[Task brief]
Exactly as written, set down the lines from the top of the entries through the line bearing "出售二手小型18-20-25國產挖掘機", with every picture left out.

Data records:
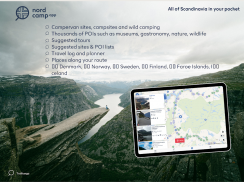 nordcamp travel camping guide screenshot 3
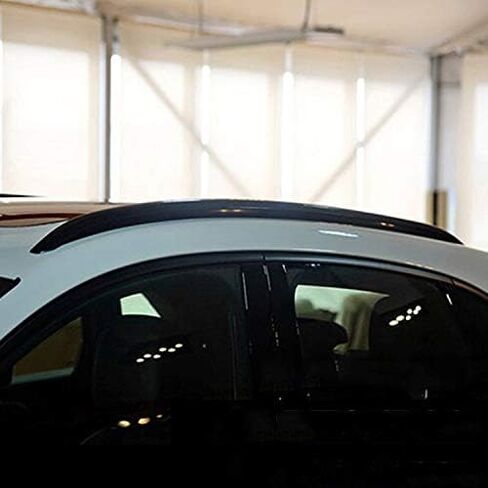 2Pieces Fits for BMW X4 G02 2019 2020 2021 2022 Aluminum Black Roof Rail Roof Rack Side Rail Bar in Saudi Arabia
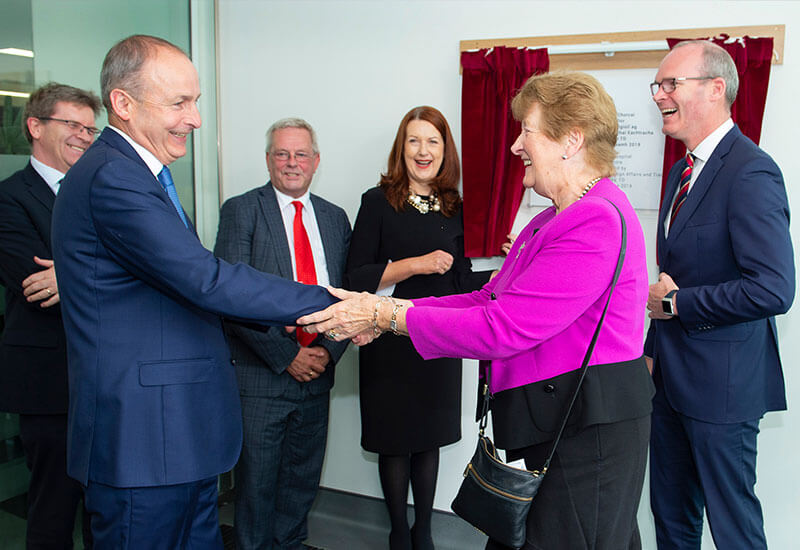 Openning of Radiation/Oncology Department in the Glandore Centre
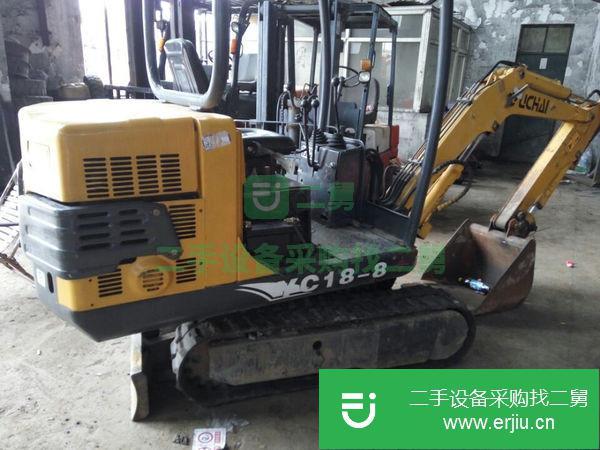 出售二手小型18-20-25國產挖掘機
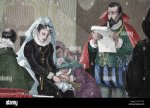 queen-of-scotland-mary-stuart-1542-1587-sentencing-death-engraving-F577YW.jpg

[Task result]
 nordcamp travel camping guide screenshot 3
 2Pieces Fits for BMW X4 G02 2019 2020 2021 2022 Aluminum Black Roof Rail Roof Rack Side Rail Bar in Saudi Arabia
 Openning of Radiation/Oncology Department in the Glandore Centre
 出售二手小型18-20-25國產挖掘機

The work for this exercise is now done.